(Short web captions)
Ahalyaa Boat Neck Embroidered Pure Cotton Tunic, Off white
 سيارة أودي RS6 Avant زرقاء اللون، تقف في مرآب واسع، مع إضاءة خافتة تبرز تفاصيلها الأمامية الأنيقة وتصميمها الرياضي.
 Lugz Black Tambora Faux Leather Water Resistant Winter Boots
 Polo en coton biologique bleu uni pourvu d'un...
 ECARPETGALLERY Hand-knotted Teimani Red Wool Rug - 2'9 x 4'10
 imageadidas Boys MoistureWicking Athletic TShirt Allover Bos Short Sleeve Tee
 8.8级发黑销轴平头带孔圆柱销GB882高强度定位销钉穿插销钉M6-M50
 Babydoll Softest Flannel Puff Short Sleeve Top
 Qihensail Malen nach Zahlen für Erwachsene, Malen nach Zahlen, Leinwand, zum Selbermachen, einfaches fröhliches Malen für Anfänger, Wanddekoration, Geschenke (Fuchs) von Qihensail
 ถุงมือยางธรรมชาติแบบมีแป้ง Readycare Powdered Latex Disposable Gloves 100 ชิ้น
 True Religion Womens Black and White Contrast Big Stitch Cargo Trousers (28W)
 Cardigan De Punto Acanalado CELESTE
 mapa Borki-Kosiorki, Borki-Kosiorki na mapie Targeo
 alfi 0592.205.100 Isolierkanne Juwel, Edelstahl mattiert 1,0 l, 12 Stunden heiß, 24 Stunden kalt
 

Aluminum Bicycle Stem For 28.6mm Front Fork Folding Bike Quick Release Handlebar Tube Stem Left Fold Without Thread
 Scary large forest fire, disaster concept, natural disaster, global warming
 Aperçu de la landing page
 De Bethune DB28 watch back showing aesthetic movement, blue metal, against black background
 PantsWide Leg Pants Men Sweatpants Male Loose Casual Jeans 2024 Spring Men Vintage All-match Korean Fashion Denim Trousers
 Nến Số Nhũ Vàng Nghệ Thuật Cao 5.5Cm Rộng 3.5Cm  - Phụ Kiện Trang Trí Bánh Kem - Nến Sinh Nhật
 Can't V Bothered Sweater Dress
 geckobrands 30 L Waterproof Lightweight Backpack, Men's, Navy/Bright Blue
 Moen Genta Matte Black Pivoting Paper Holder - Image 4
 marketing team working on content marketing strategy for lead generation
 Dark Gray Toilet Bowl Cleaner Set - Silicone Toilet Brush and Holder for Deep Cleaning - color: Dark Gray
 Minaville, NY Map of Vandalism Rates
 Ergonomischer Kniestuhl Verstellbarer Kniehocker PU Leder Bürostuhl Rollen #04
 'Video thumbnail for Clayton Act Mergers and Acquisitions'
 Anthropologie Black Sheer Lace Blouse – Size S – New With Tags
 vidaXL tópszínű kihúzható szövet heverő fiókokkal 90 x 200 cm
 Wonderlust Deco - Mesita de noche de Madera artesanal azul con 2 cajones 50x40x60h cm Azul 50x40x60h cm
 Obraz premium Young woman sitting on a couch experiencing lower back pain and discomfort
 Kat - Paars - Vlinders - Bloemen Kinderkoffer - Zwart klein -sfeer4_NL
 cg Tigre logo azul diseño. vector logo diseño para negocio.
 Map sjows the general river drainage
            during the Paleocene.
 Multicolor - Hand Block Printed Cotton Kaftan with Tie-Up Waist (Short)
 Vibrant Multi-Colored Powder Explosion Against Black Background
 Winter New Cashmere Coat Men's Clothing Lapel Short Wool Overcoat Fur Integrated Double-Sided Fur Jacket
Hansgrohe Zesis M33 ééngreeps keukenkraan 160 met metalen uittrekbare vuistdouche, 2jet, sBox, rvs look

* INSTRUCTIONS TO FOLLOW *
For the lines above, output exactly those from the line containing "Aluminum Bicycle Stem" through the line containing "PantsWide Leg Pants", and skip the others.

* TASK RESPONSE *
Aluminum Bicycle Stem For 28.6mm Front Fork Folding Bike Quick Release Handlebar Tube Stem Left Fold Without Thread
 Scary large forest fire, disaster concept, natural disaster, global warming
 Aperçu de la landing page
 De Bethune DB28 watch back showing aesthetic movement, blue metal, against black background
 PantsWide Leg Pants Men Sweatpants Male Loose Casual Jeans 2024 Spring Men Vintage All-match Korean Fashion Denim Trousers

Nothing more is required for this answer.